Thomas Creek: Pumpkin Patch

Each October hunting season rolls around and access to Thomas Creek is allowed.  Like a pumpkin patch you can go in just a short way and get a worthwhile reward, but if you want the biggest and the best you gotta go just a little further.


Stream: Walk down the short nose of land and put on to a Thomas Creek that has noticeably less water than where you left the take out vehicle.  A short warm up ends at an island, while most of the water goes right I suggest taking the left channel.  Immediately after the channels merge back together the whitewater gets rolling in the form of manky (if you are not on line) class IV whitewater that can and should be scouted.  There is an eddy on the left before the creek turns right and pinches down to half its size between a couple boulders.   It is important you catch an eddy right or left just below this pinch to scout the rest of the rapid, which makes a bend to the left and over "Pumpkin Spice".

Pumpkin Spice has a narrow hallway leading to a ten foot ramp that must be run right (without hitting the right wall) to avoid an atomic piton middle and left.  The line is straight forward, but don't mess it up.  Scout/portage the lead in and Pumpkin Spice on the left, safety can be thoroughly set below.

                                                   Ross George enjoying this seasonal treat.

A nice boof and a short bit of easy water lead to another island that is best run in the right channel (ducking a couple logs at the top in 2016).  Shortly below this island is a bridge, then some easy floating through some island and boulder bar style rapids before the whitewater builds again as the creek approaches and then passes under another bridge.  This second bridge signals that you are VERY close to Thomas Creek Falls, separated by only two short class III-IV rapids.  There are small eddies just above the plunge, that should be caught one boater at a time.   If you are feeling cautious or the water is high you can chose to walk down to the falls from this bridge along the road and then down a short trail.

The line on the 30-40' Thomas Creek falls is obvious along the right side and away from the log in the center.  The lead in is straight forward, the landing soft and the pool devoid of hazards at normal flows.  The log is intimidating and would be disastrous to collide with, but many runs of the falls have proven the line is manageable for skilled boaters.

                                                    Kory Kellum staring down the barrel. 

Thomas Creek Falls can be portaged via a thrown and go from the lip on river-right, or a sloppy up and around route on the same side.

Patrick Beville sans boat

Below the falls are a couple more III-IV rapids in a gorge before the stream flattens out for awhile.  Somewhere amongst these boulder bars you enter the Standard Stretch, and about 4 miles of beautiful and classic class III-IV whitewater later the take out.

Vaclav out front

Flows: We had ~1,000 cfs and dropping slow.  I'd guess 900-1500 cfs is a reasonable range on the USGS Guage @ Scio (and it's probably ok if the gauge is reading a bit higher so long as the flow is dropping).    If levels are lower you can still put in at and run the falls (down to 400 or so cfs).

Access: The take out is located less than 15 miles East of Scio, OR.  Take Hwy 226 to Thomas Creek Dr, following until it turns to gravel which is where the gate is.  If it is Cascade Deer or Elk hunting season, the gate has historically been open (call this number to be sure 888-741-5403).  If not, it will be closed and your only option is to find access through the Santiam State Forest via the Rock Creek drainage out of Mill City or hike a long way.

Assuming the gate is open, continue along Thomas Creek Drive 2.2 miles (past the Sheriff's posse) and make a right turn down to the take out bridge.

To get to the put in return to Thomas Creek drive and continue the way you were going 3.8 miles (stay right at 2 and 2.9 miles) where you will meet up with a more heavily travelled road, merge right.  2.9 miles past this merge (stay straight at 1 mile, drive through a yellow gate shortly after, then pass the road leading down to Thomas Creek Falls at 1.8 miles) you will cross over Thomas Creek, there will be notably less water than at the take out.
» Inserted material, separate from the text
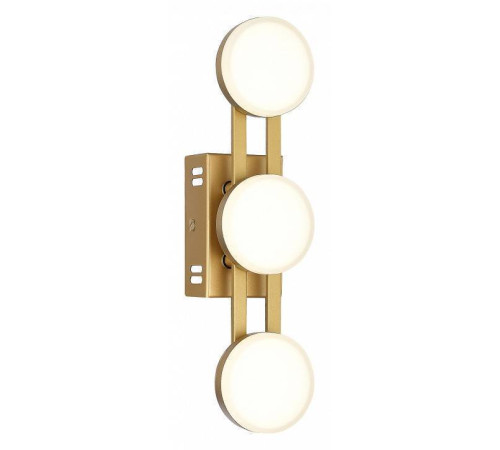 Накладной светильник ST-Luce MONRO SL6610.201.03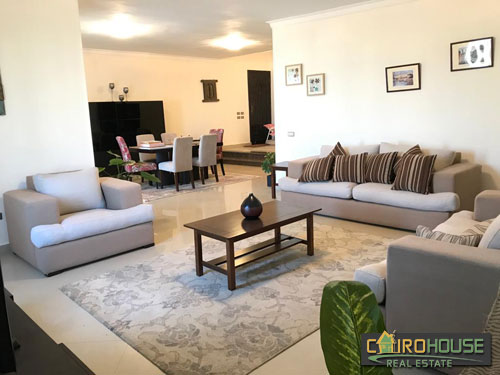 Cairo House Real Estate Egypt :Residential Apartment in New Cairo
Stay left on the road along the creek, 3/4 of a mile past this bridge you will reach another bridge over a tributary with an obvious parking area.  Walk down the nose of land to the creek to put in.
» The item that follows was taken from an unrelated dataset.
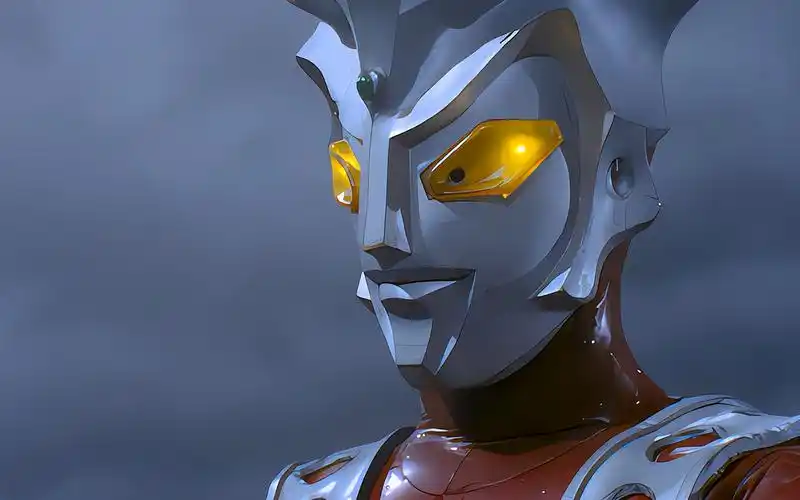 孤独的雄狮·雷欧奥特曼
A mileage map starting at the take out.
It is worth cache-ing this area on your phone before leaving reception and using the GPS if you have that function.
click to enlarge

Notes:   My friend Jarred voiced concern about the right wall below the falls appearing undercut on a trip he took to Thomas, and thus chose to portage the falls.  I have been there at low flows and it was not an issue.  At the flow the pictures for this page were taken we had about 1,000 cfs and the wall proved to still be a benign obstacle.  Anything that flowed towards it was stopped short of the wall by the water rebounding off the wall short of collision, and subsequently pushed quickly downstream into the pool.  We were even comfortable jumping off the falls and swimming past the wall.  The clips below were put together to showcase how the wall can be...

A) avoided
B) a non-issue if you are pushed toward it

That said, analyze the situation for yourself when you are there.  Especially if the flows are up.

Trip Report

The day before Emile and I had checked out Thomas Creek from the top, exploring 7.5 miles of stream I knew nothing about aside from what I had seen on maps and a tantalizing picture Pete Giordano had sent me.

It was a fun day of adventure, though we had portaged the rapid Pete sent the photo of.
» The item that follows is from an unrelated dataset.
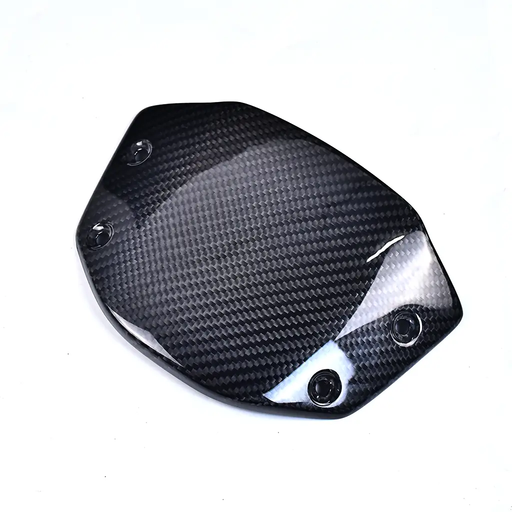 CBR650R 2019+ (Windscreen Deflector) Dry Carbon by CARBONISE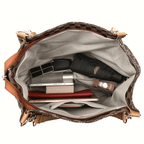 Maysen Elise – Vintage Women's Leather Bag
The next day a group of boaters wanted to go to Thomas so we planned on giving the rapid a better look before continuing through the falls and Standard Stretch.

A couple boaters in the group were uncomfortable putting on this high so planned to meet us at a bridge above Thomas Creek Falls.  We walked down to Thomas Creek near a confluence and quickly worked our way down to where the whitewater picked up.  The scouting and safety setting took some time, but eventually Priscilla decided to go first.  We felt that because she was in an IK on this trip it gave her more margin for error with the padding those craft provide.  She ended up getting spun at the lip and dropping over backwards but came out upright and unscathed.

Ross went next with a perfect line, with Kory and I following not long after.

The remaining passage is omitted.